Apoyo de todo corazón el poderoso llamamiento a la paz realizado por el Santo Padre, el papa León XIV, durante la misa del Domingo de Ramos. Su exhortación a deponer las armas y renunciar a la violencia ha resonado profundamente en mí, pues expresa la esencia misma de lo que enseñan todas las grandes religiones.
En efecto, ya acudamos al cristianismo, al budismo, al islam, al hinduismo, al judaísmo o a cualquiera de las grandes tradiciones espirituales del mundo, el mensaje es, en lo fundamental, el mismo: amor, compasión, tolerancia y autodisciplina. La violencia no halla un verdadero lugar en ninguna de estas enseñanzas. La historia nos ha mostrado una y otra vez que la violencia solo engendra más violencia y nunca constituye un fundamento duradero para la paz.
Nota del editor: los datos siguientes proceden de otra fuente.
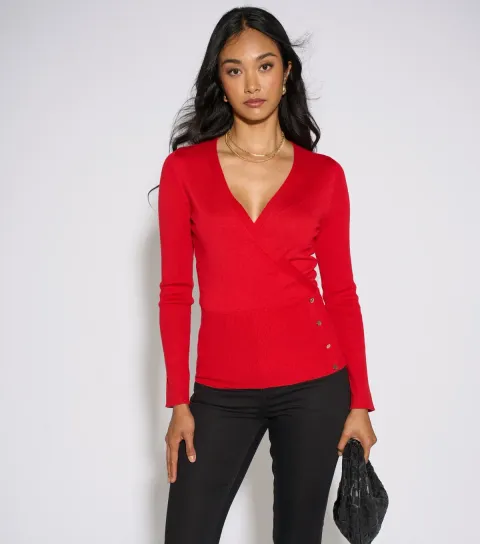Women's Bright Red Knitted Gold Button Top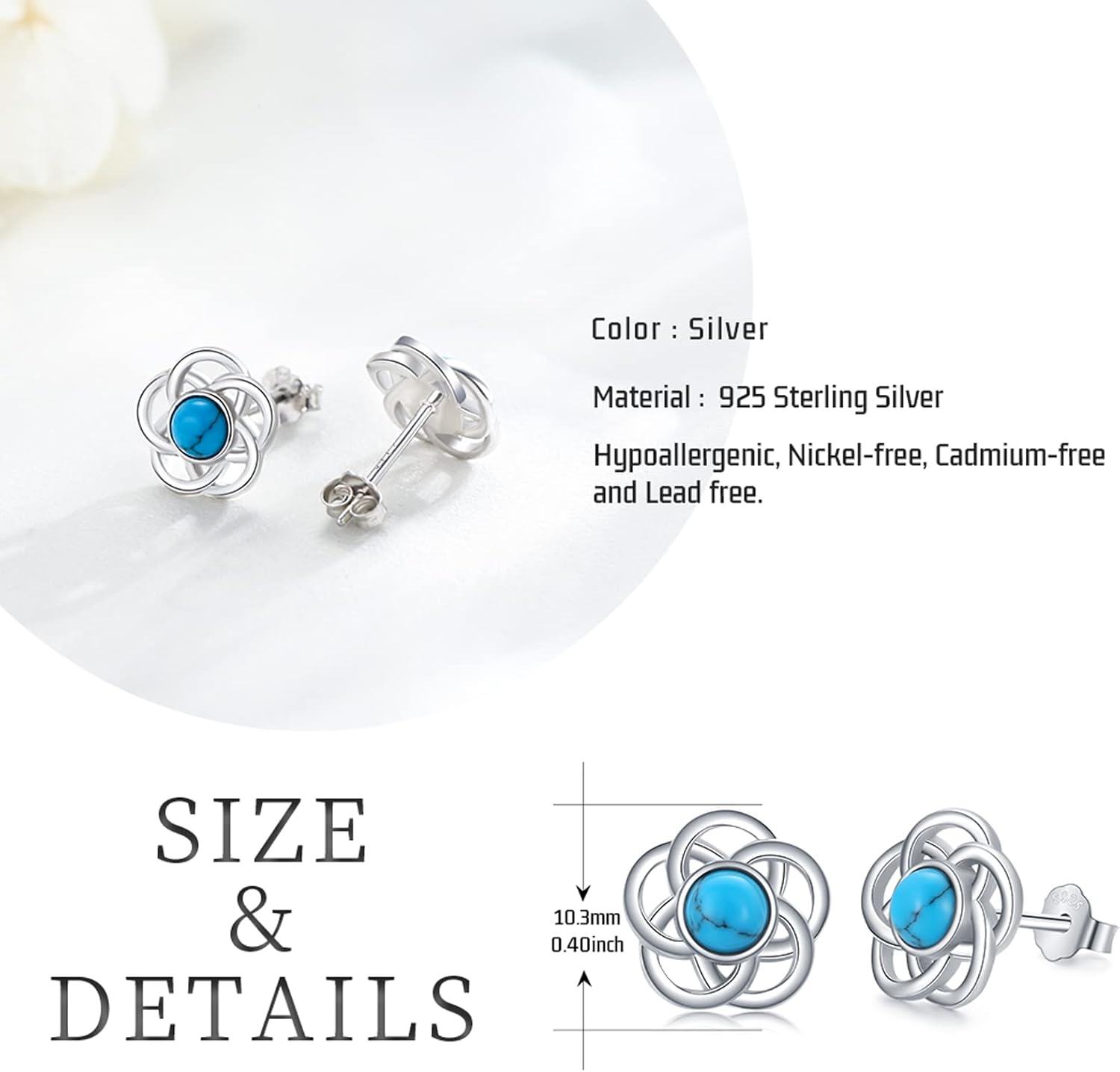 wholesale 925 Sterling Silver Flower-Shaped Turquoise Stud Earrings-0-3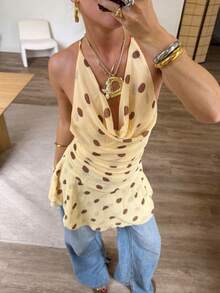 Siren Gaze 女士露背吊带波点衬衫，垂坠下摆，优雅、休闲又浪漫，适合婚礼、花园派对、鸡尾酒会或特殊场合。 - 黃色 - 查看 12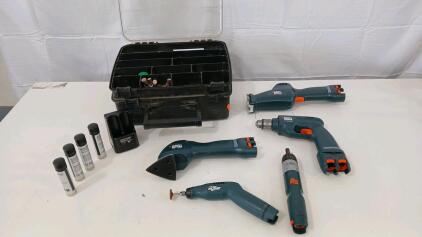 (1) 5-Piece Black & Decker VersaPak Tool Set W/ 4 Batteries And Battery Charger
Una resolución duradera de los conflictos —incluidos los que vemos en Oriente Medio o entre Rusia y Ucrania— debe asentarse en el diálogo, la diplomacia y el respeto mutuo, abordados desde la comprensión de que, en lo más profundo, todos somos hermanos y hermanas.
Exhorto a que la violencia y los conflictos cesen pronto, y elevo mis oraciones para que así sea.